Following USADA’s investigation, Almeida, De Lima, and Nogueira, who all used compounded supplements at the direction of their respective physicians or nutritionists, each accepted reduced six-month periods of ineligibility that ended upon the resolution of their cases. As such, the athletes are immediately eligible to return to competition.

Given the evidence that compounding pharmacies can pose a threat to the health and safety of Brazilian athletes, as well as the public at large, USADA will continue working with law enforcement and regulatory agencies in Brazil to investigate the operations of the offending pharmacies.

Payout Perspective:

This is another example of the issues with the UFC Anti-Doping Policy.  While there is an overarching standard that the athletes are responsible for what they ingest, this case shows that this standard may be unfair.  JDS was taken off of a fight against Francis Ngannou at UFC 215 in September 2017, giving 8-10 months of unwanted inactivity to clear his name.  It does appear that there was cooperation from all 3 fighters in order to avoid an arbitration to oppose the ruling.  Yet, the time off, more than a 6 month suspension, cannot be regained.

Nick Diaz accepts one-year USADA ban…which ends next week

April 9, 2018

USADA announced that Nick Diaz has accepted a one-year sanction for Whereabouts Failures reporting pursuant to the UFC Anti-Doping Policy.  The suspension is retroactive to April 19th of last year and thus he will be available to fight by next week.

Via USADA release:

USADA announced today that Nick Diaz, of Stockton, Calif., has accepted a one-year sanction for a violation of the UFC® Anti-Doping Policy resulting from three unsuccessful test attempts during a 12-month period.

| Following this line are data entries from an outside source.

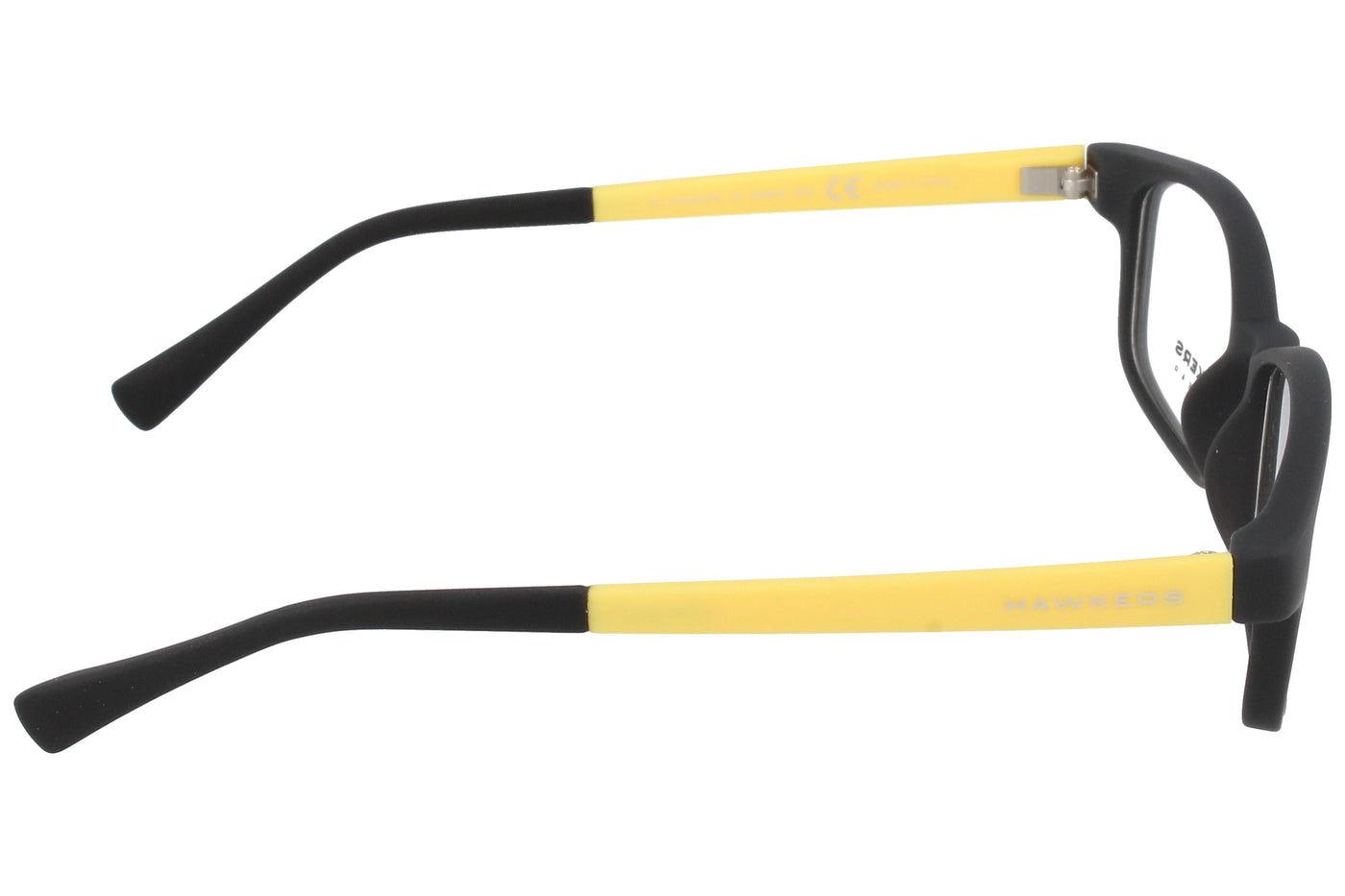 Gafas Graduadas Hawkers Happy M 310007 50 15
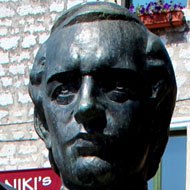 Juraj Dobrila (1812 - 1882) (宗教领袖)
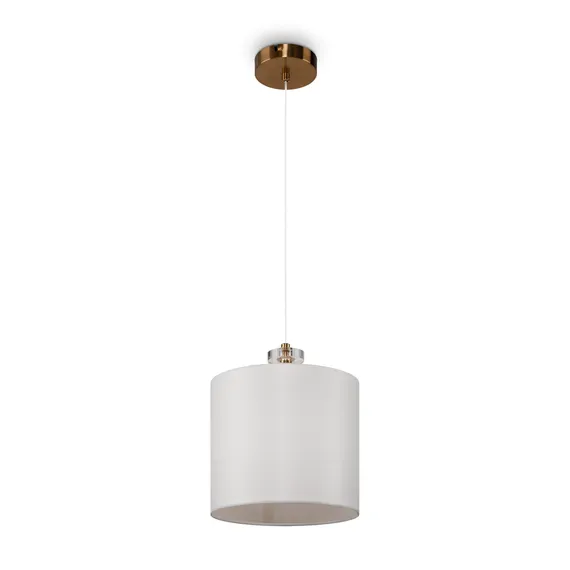 Подвесной светильник FR5265PL-01BS Мечтательный / Dreamy E14x1 Freya fr5265pl-01bs
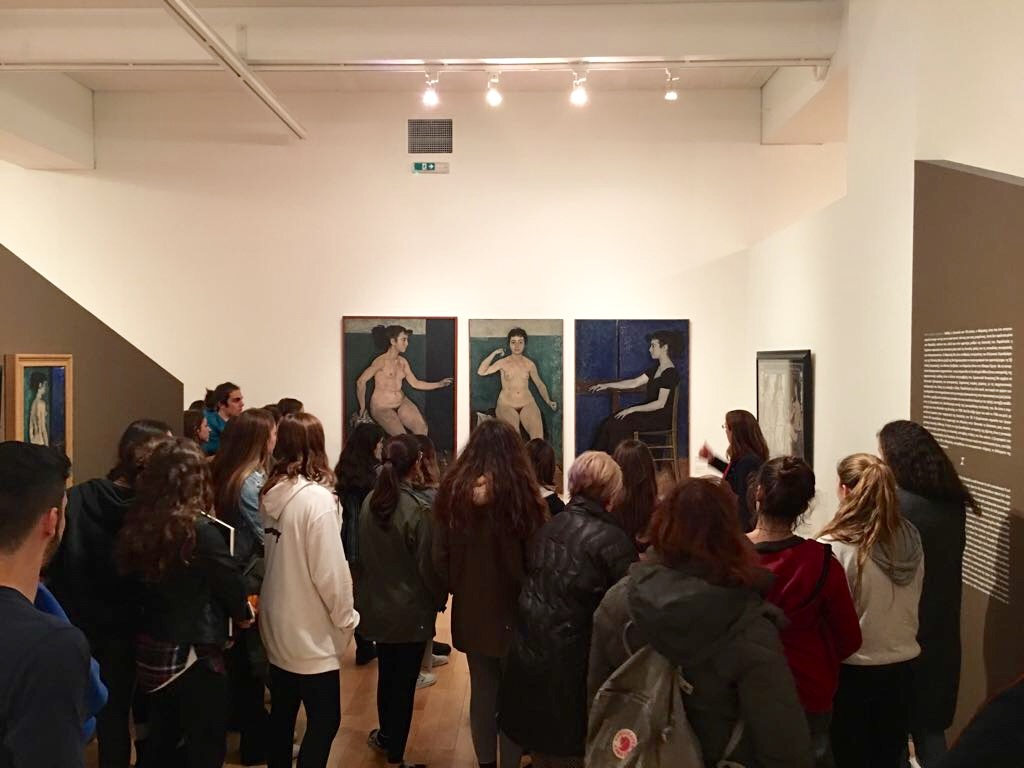 visit_at_the_benaki_museum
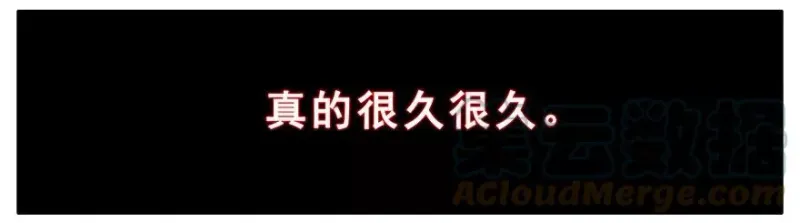 189 第5页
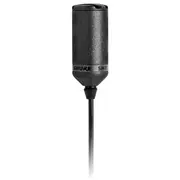 Shure Sm11 Dynamisches Lavaliermikrofon Sm11-Cn 0042406051347  Joinedit59393878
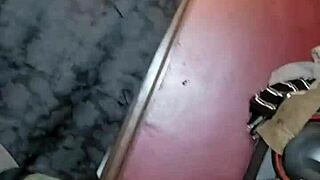 Riding 14 Inch Dildo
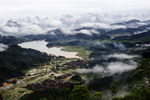 邵平东潭岭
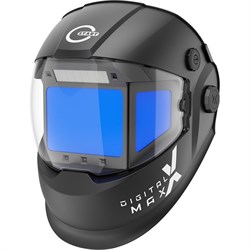 Маска сварщика Start DIGITAL X MAX - фото 14858604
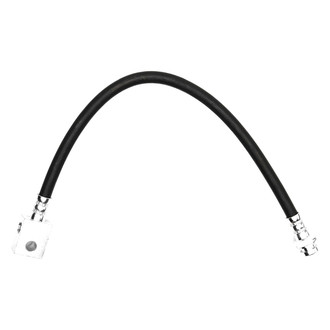 DFC® - Rear Brake Hose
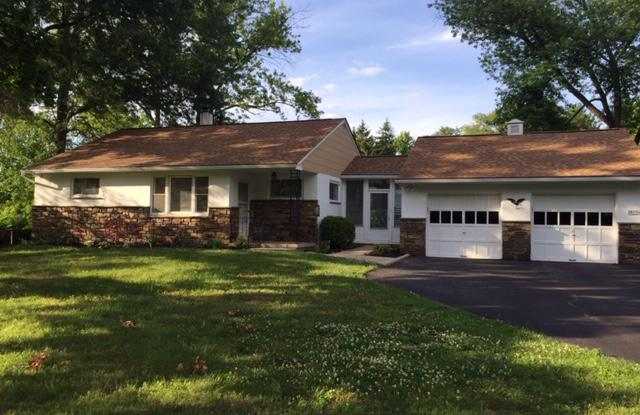 2655 HEDRICK ROAD Gallery 3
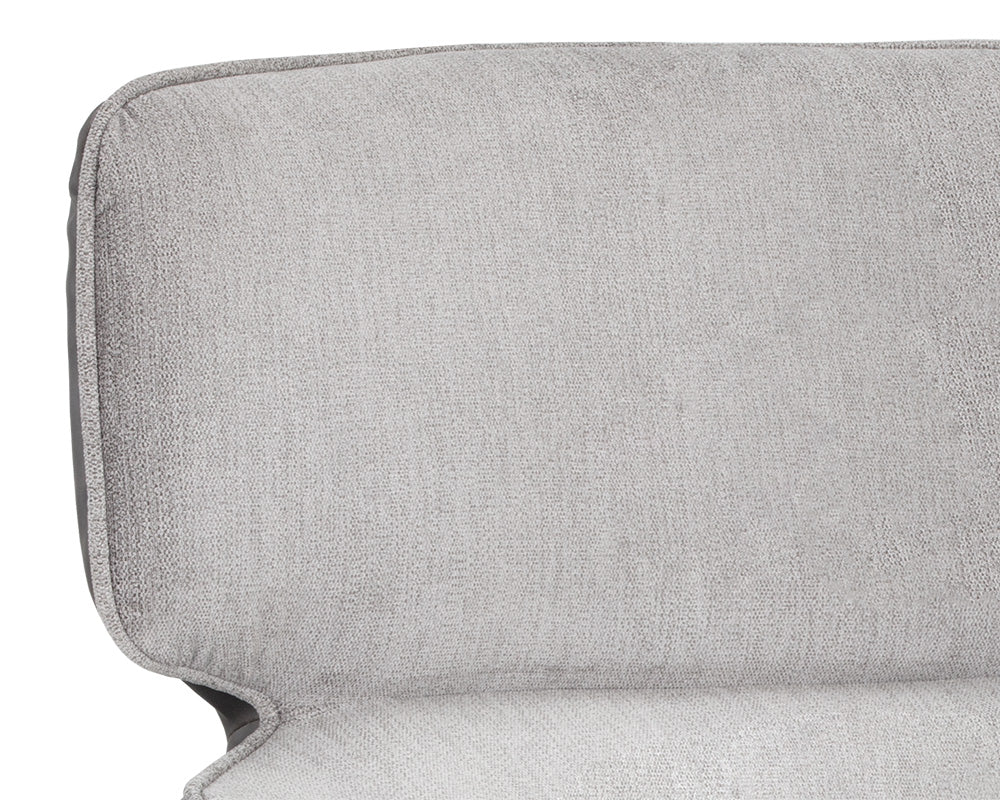 maximus-lounge-chair-105409 - view 20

Like all UFC athletes, Diaz, 34, is a member of the UFC Registered Testing Pool and is therefore subject to certain Whereabouts responsibilities, which allow him to be located for out-of-competition testing. Diaz failed to be available for three tests at the locations provided in his Whereabouts Filings. The first two failures occurred in the second and third quarters of 2016, while the third occurred in the first quarter of 2017. Under the UFC Anti-Doping Policy, the accumulation of three Whereabouts Failures within a 12-month period constitutes an anti-doping policy violation.

Payout Perspective:

The announcement could be due to the timing of the investigation and speaking with Diaz’s representatives on the matter.  If not, this sort of announcement is a mockery of the UFC Anti-Doping Policy as the announcement almost coincides with his ability to get back to active status with the UFC.  While its clear that Diaz could not take a fight since he did not report his Whereabouts on three separate occasions in as 12-month span, the length of time it took for the decision seems lengthy.  If it was not due to a delay in fact-finding, one has to wonder why the investigation process and determination of penalty is taking so long.